Job 37:4 MEANING



Job 37:4
(4) After it a voice roareth--i.e., the thunderclap which follows the lightning-flash.

And he stayeth them not (or will not stay them) when his voice is heard.--What does this mean? We understand it, "Yet none can track them (i.e., the thunder and the lightning) when His voice is heard. They travel in paths which none can explore. Vivid as the lightning is, who shall pursue its course?"

Verse 4. - After it a voice roareth. After the lightning-flash has been seen, the thunderclap comes. In their origin they are simultaneous; but, as light travels faster than sound, unless we are close to the flash, then is an interval, the thunder following on the lightning. He thundereth with the voice of his excellency (see the comment on ver. 2). And he will not stay them when his voice is heard. The words are plain, but the meaning is obscure. What will not God stay? His lightnings? His thunderings? His rain? His hail? There is no obvious antecedent. And in what sense will he not "stay" them? Some explain, "He will not slacken their speed; "others, "He will not cause them to Cease."

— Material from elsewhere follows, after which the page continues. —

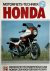 Pete Shoemark 170384 - Motorfiets-techniek Honda Reparatie en onderhoud aan Honda CBX400  CBX550F en FII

37:1-13 The changes of the weather are the subject of a great deal of our thoughts and common talk; but how seldom do we think and speak of these things, as Elihu, with a regard to God, the director of them! We must notice the glory of God, not only in the thunder and lightning, but in the more common and less awful changes of the weather; as the snow and rain. Nature directs all creatures to shelter themselves from a storm; and shall man only be unprovided with a refuge? Oh that men would listen to the voice of God, who in many ways warns them to flee from the wrath to come; and invites them to accept his salvation, and to be happy. The ill opinion which men entertain of the Divine direction, peculiarly appears in their murmurs about the weather, though the whole result of the year proves the folly of their complaints. Believers should avoid this; no days are bad as God makes them, though we make many bad by our sins.After it a voice roareth,.... After the lightning comes a violent crack or clap of thunder, which is like the roaring of a lion. Such is the order of thunder and lightning, according to our sense and apprehension of them; otherwise in nature they are together: but the reasons given why the lightning is seen before, and so the same in the flash and report of a gun, are, because the sense of seeing is quicker than the sense of hearing (y); and the motion of light is quicker than that of sound; which latter is the truest reason (z). The roaring voice of thunder may be an emblem of the thunder of the law; its dreadful volleys of curses, vengeance, and wrath on the breakers of it, as delivered out by Boanergeses, sons of thunder, Mark 3:17, or the loud proclamation of the Gospel, made by the ministers of it; and the alarming awakening sound of the word, when attended with the Spirit and power of God, to sinners asleep and dead in trespasses and sins; upon which they awake, hear, and live;

he thundereth with the voice of his excellency: that is, God thunders with such a voice, an excellent and majestic one; for his voice of thunder is full of majesty, Psalm 29:4. So is the voice of Christ in the Gospel; he spake when on earth as one having authority, and he comes forth and appears in it now with majesty and glory; and speaks in it of the excellent things which he has done, of the excellent righteousness he has wrought out, of the excellent sacrifice he has offered up, and of the excellent salvation he is the author of;

and he will not stay them when his voice is heard; either the thunder and the lightning, as some; which he does not long defer after he has given out the decree concerning them, the order and disposition for them: or rather the rain and hail; these are not stayed, but quickly follow the flash of lightning and clap of thunder: "for when he utters his voice of thunder, there is a multitude of waters in the heavens"; and these quickly come down and are not stopped, Jeremiah 10:13. The word for "stay" signifies "to supplant", or "act deceitfully"; the name of Jacob is derived from this root, because he supplanted his brother, Genesis 25:26; and so it may be rendered here, "he will not supplant", or "deceive them (a), when his voice is heard": that is, either he does not subvert them, the heavens and earth, but preserves them; though he makes them to tremble with his voice of thunder (b): or he does not act the part of a secret, subtle, and deceitful enemy, when he thunders; but shows himself openly as a King, executing his decrees with authority (c): or rather he deceives none with his voice; none can mistake it; all know it to be the voice of thunder when it is heard: so Christ's sheep know his voice in the Gospel, and cannot be deceived; the voice of a stranger they will not follow, John 10:4.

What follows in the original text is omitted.